Lately, I’ve been helping aspiring UXRs ‘break into’ the profession. I’ve made a few key discoveries about their efforts — both successes and struggles. And I’ve learned that what they’re missing is not about research.

I’m an entrepreneur at heart. All my UX experience has been in service of the business and the customer, and all the UX work I’ve done over 3+ decades has been focused on business results. This is a natural, automatic mindset for me.

Research must serve the business and the customer.

Research methods, science, tools, lingo, and technical chops are secondary.

I searched the available content on ‘how to break into UX research’ and I found scant little mention, much less substantial guidance, on the business mindset.

The business mindset for a UXR includes three ways of thinking about ‘research’, about ‘experience’, about ‘users’:

  1. Make the Business Mindset Shift: What is business? What is the role of ‘experience’ in business? Who are ‘users’ in a business context?
  2. Be an Entrepreneur: Aspiring UXRs do best who step up, innovate, and find opportunities to make things happen — before that first official UX job.
  3. Become a Marketer: New UXRs succeed who package themselves, position themselves, and craft their contribution and their message as more than a ‘researcher’.

Developing a UX Business Mindset — why it matters and why every aspiring UXR must adopt it

The business mindset for UX starts with one essential truth: All outcomes in business occur ONLY as choices made by individual customers in the experiences we provide them.

Read that again. It entirely redefines the role of ‘experience.’

All business outcomes can only happen within experiences.

Business is about the exchange of value and benefits that solve a problem or fulfill a need or a desire, for fair compensation. Pure and simple. All of that happens within experiences that communicate and demonstrate the value, that mediate the exchange of compensation, and that ultimately deliver the value or fulfill the desire.

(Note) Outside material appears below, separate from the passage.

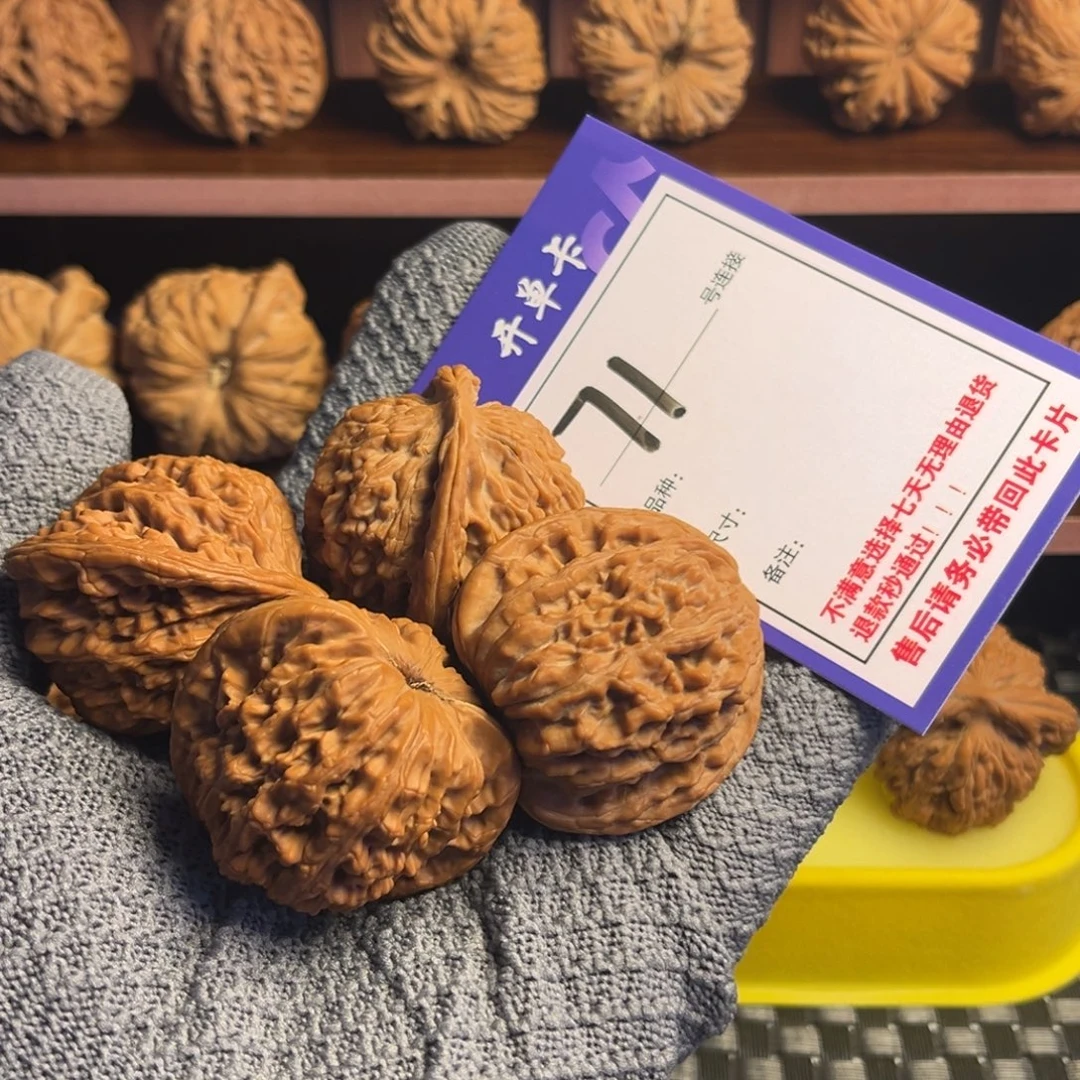 文玩核桃吊坠打包出40 41四座楼全品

Your role is to influence the business.

Your primary value as UXR is NOT research. Like everyone else in the business, your job is to make the business successful by making customers successful.

I learned UX in marketing and business management. I practiced it in startups and ventures, with relentless attention to customer focus, and I learned UX under immense pressure to deliver business results. I have no formal UX training.

Hiring managers always think about the business. We don’t only look at skills and letters after your name and ‘credentials’, we ask you to demonstrate you can do the job. And the job is a business job.

You have to think like a business person, because that’s who you’ll work for and that’s who you’ll serve and that’s who will hire you — or not.

This is a stretch for aspiring UXRs.

Researchers can be introverted, intellectual, and tend to over-analyze, and it’s challenging to step out, take the initiative, to be a marketer and promote yourself. But mastering these skills for the move into UX are the same skills you’ll need to succeed in UX. That’s what hiring managers look for.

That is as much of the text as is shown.